Bien sûr, ce genre de scénario peut arriver, comme avec le cas McLaren qui a débuté l’année 2024 de manière chaotique et qui a fini par remporter le Championnat du monde. Mais ce genre d’exemples reste rare et, surtout, on parle d’une écurie ayant les moyens et un effectif impressionnant, qui a mis plusieurs années à se redresser avant d’éclore en 2024.

Les stratégies de courses aussi sont mises en avant, mais de manière bien trop improbable. Lors d’une course, la victoire se joue grâce à un véritable jeu d’équipe. Le pilote, son ingénieur et les stratèges sur le muret des stands (qui regardent les télémétries, les conditions climatiques, les faits de courses et les données de la voiture) doivent communiquer ensemble, de manière précise et très brève.

Tout peut se jouer parfois en quelques dixièmes de secondes. Il peut arriver que des désaccords et des incompréhensions puissent créer des tensions entre le pilote et son équipe. Et c’est ce que le film F1 souhaite mettre en avant par moment avec un Brad Pitt téméraire qui va tenir tête à son ingénieur et à son patron d’écurie.
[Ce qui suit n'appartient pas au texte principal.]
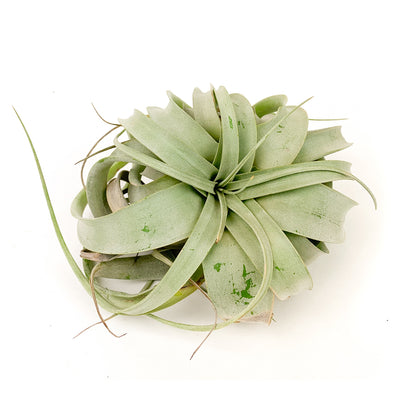 Air Plant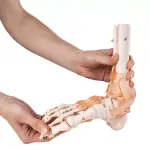 Foot Joint Model With Muscles And Ligaments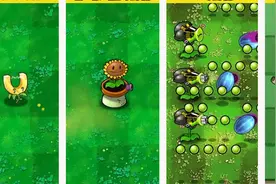 植物大战僵尸：盘点各版本最无赖的植物 BT版直接达成共识！视频封面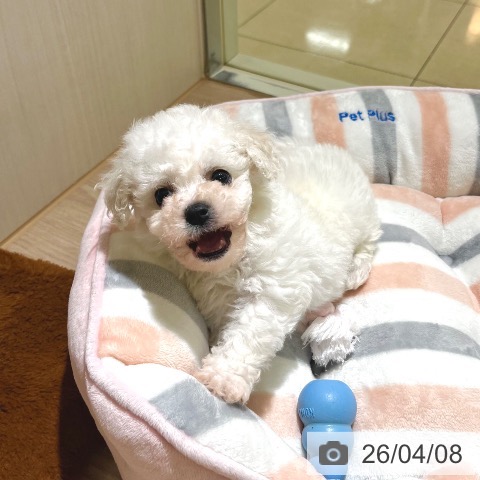 ビション・フリーゼの写真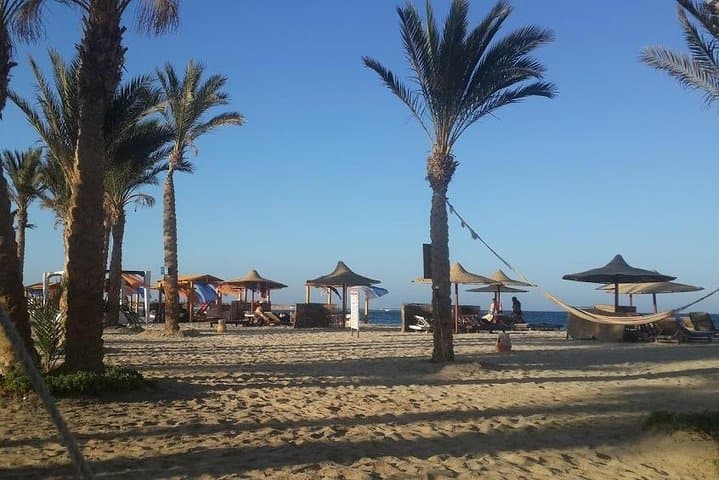 Full-Day Snorkel at Abu Dabbab Beach from Hurghada — Turtles & Dugongs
Ce dernier n’hésite pas à rester sur son emplacement de stand près de 9 secondes pour faire pression afin qu’on lui mette les pneus qu’il souhaite.

Chose improbable, puisque perdre neuf secondes lors d’un arrêt au stand ruinerait totalement une course. Même si à ce moment-là du film, la victoire n’était pas un objectif, perdre autant de temps réduirait à néant toute possible stratégie.

Autre point qui peut prêter à sourire : les départs de courses. Nous avons des monoplaces APEX qui sont systématiquement mal placées et partent en fond de grille, mais qui parviennent assez souvent à remonter à la deuxième ou troisième position avant le premier virage.

© Warner Bros

Concernant les différentes stratégies de courses utilisées dans le film : en F1, le jeu des équipiers pour ralentir d’autres pilotes est une stratégie importante. Mais, il y a certaines règles. Et, là encore, dans le film, cela va un peu trop loin. Sonny Hayes, réputé pour avoir un pilotage bien trop agressif, ne va pas hésiter à provoquer des accrochages, des drapeaux jaunes, voire même des drapeaux rouges. Des situations qui seraient tout simplement interdites lors de vrais weekends de courses. 

Enfin, F1 n’oublie pas de mettre en avant la relation et la rivalité entre coéquipiers. Un scénario qui rappelle énormément le mode de jeu « Point de Rupture » que les joueurs ont pu découvrir dans les jeux F1 depuis 2021.

Nous découvrons alors la rivalité entre un jeune rookie, arrogant, qui a soif de victoires, qui rêve d’une grande carrière, et qui n’est pas assez mature. Face à lui, un pilote en fin de carrière, qui a du vécu, de l’expérience et qui va endosser le rôle de mentor. Une dynamique que le film va pousser à son paroxysme, quitte à tomber dans les clichés, voire la niaiserie.

En F1, un jeune pilote peut perdre son baquet après trois ou quatre courses ratées. Le film, lui, choisit de mettre en scène un novice tout souriant, faisant le coq devant la presse juste après avoir abandonné bêtement la course.

Il faut être conscient que l’objectif du film est d’apporter du spectacle, de s’adresser aux fans, mais aussi et surtout aux non-fans, pour parvenir à les captiver pendant plus de 2h30. Si vous partez du principe que vous allez voir un film pour le divertissement et non un film documentaire, vous passerez forcément un bon moment.